» What the task requires:
Look below for the line with "WeatherTech - WeatherTech" and the line with "2026 Ford Explorer Active with 200A Pkg"; repeat exactly those two lines and all lines between them, but no pictures.

Supplied information below:

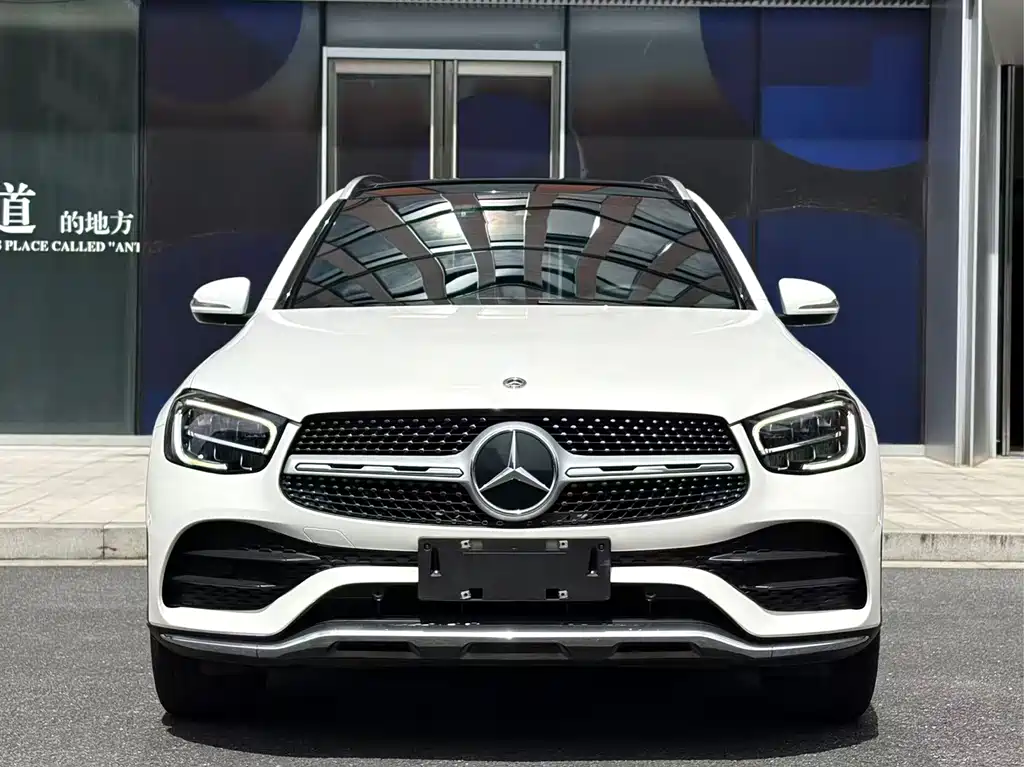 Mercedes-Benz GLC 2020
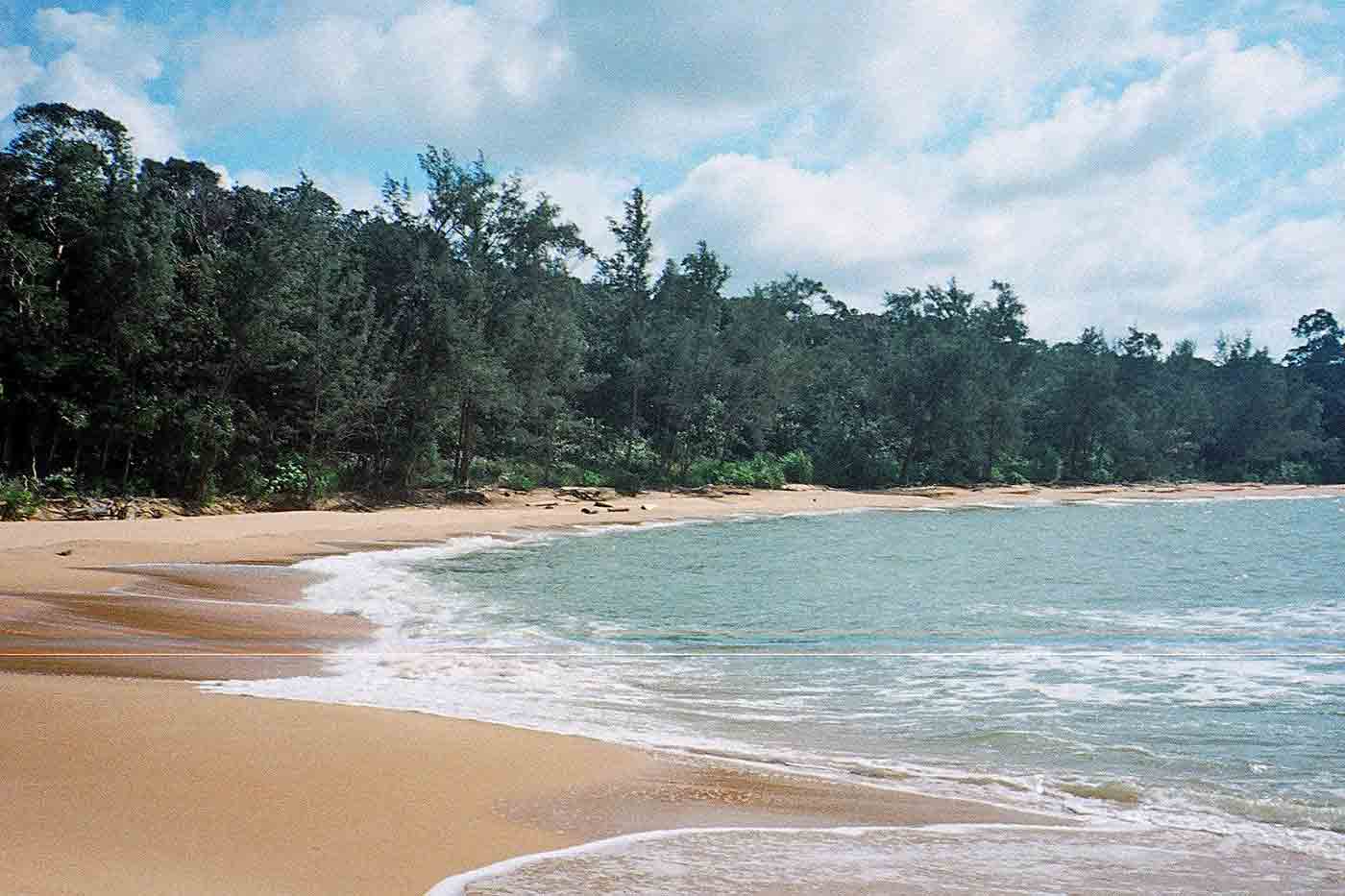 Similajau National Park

End of Supplied information.
Supplied information below:

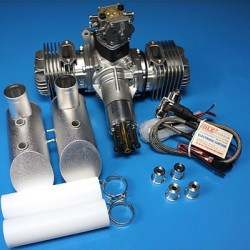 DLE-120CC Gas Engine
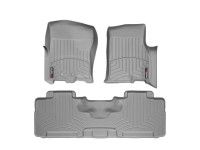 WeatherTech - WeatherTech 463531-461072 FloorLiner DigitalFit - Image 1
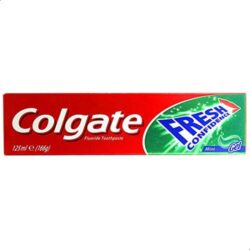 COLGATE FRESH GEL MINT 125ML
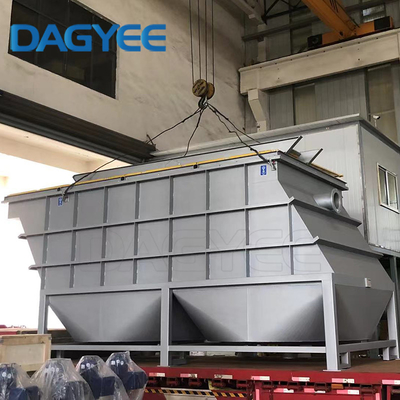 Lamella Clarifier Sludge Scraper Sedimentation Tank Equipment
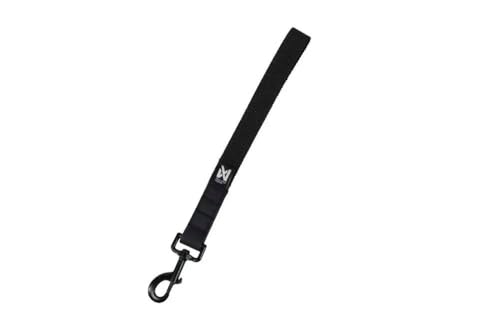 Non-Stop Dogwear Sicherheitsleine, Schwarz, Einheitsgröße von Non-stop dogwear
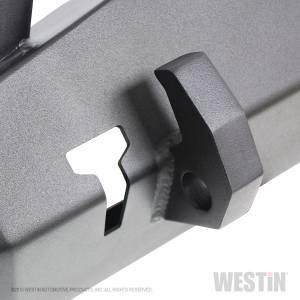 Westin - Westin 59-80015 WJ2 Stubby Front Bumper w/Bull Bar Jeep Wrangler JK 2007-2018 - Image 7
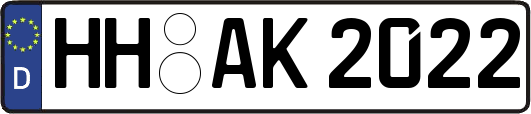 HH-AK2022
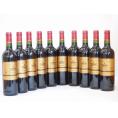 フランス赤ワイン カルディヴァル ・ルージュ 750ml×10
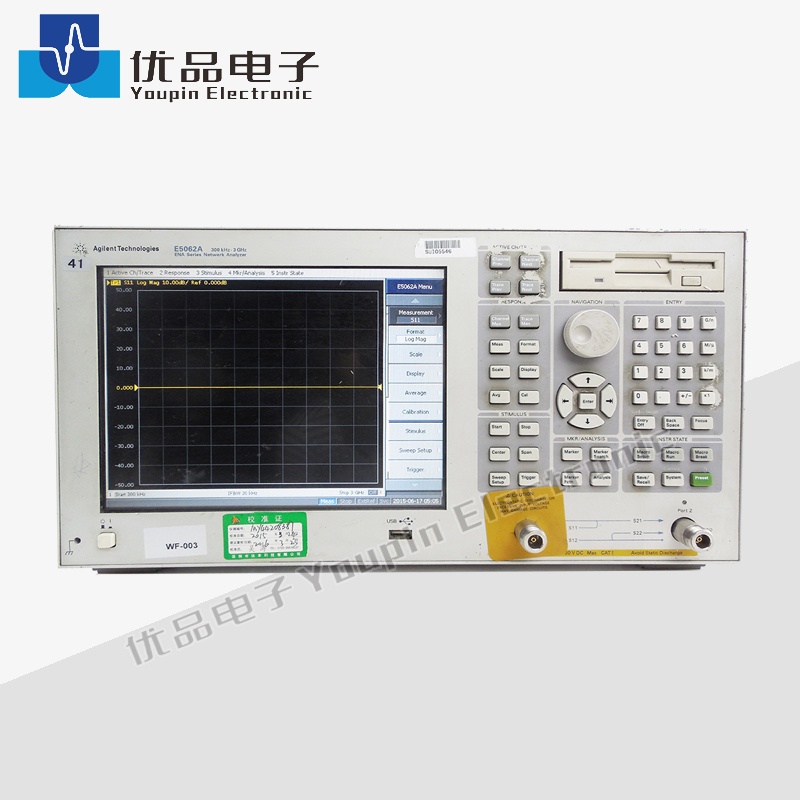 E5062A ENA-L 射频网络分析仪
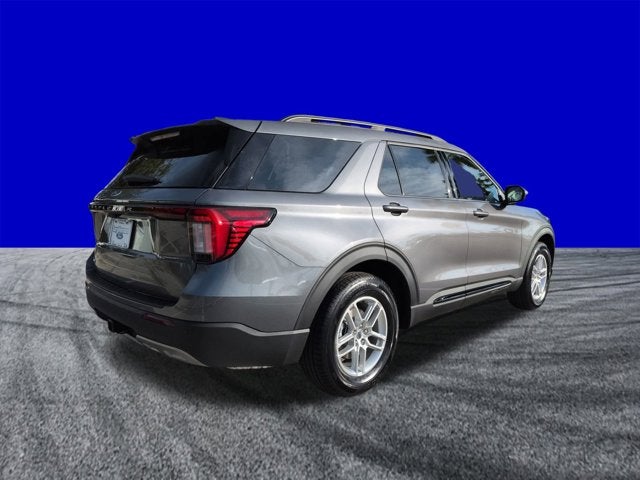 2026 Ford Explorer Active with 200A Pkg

End of Supplied information.
Supplied information below:

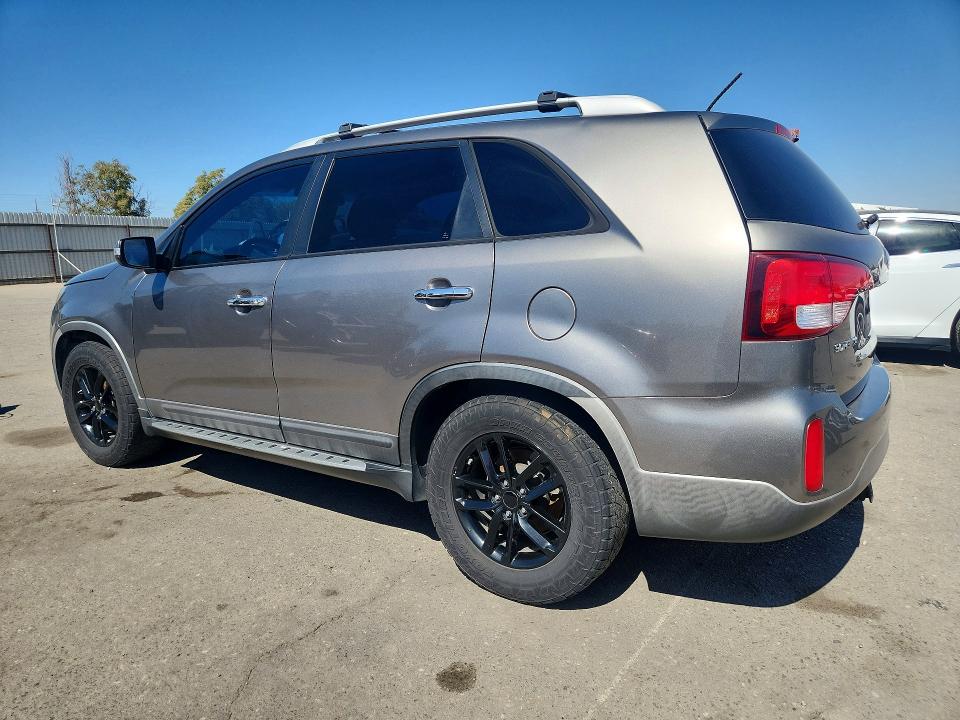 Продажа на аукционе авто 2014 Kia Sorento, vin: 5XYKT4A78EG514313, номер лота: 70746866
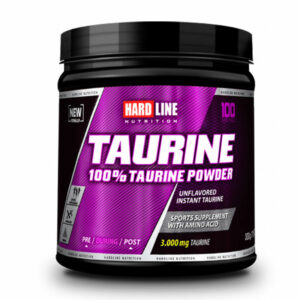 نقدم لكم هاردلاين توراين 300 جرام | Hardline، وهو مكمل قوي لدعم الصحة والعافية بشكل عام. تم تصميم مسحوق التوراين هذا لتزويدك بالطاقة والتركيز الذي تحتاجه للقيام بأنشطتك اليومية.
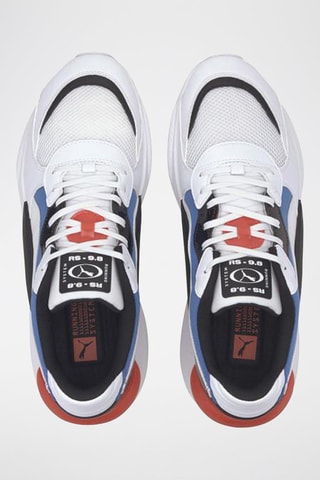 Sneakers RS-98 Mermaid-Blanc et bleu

End of Supplied information.

» Solution to this problem:
 WeatherTech - WeatherTech 463531-461072 FloorLiner DigitalFit - Image 1
 COLGATE FRESH GEL MINT 125ML
 Lamella Clarifier Sludge Scraper Sedimentation Tank Equipment
 Non-Stop Dogwear Sicherheitsleine, Schwarz, Einheitsgröße von Non-stop dogwear
 Westin - Westin 59-80015 WJ2 Stubby Front Bumper w/Bull Bar Jeep Wrangler JK 2007-2018 - Image 7
 HH-AK2022
 フランス赤ワイン カルディヴァル ・ルージュ 750ml×10
 E5062A ENA-L 射频网络分析仪
 2026 Ford Explorer Active with 200A Pkg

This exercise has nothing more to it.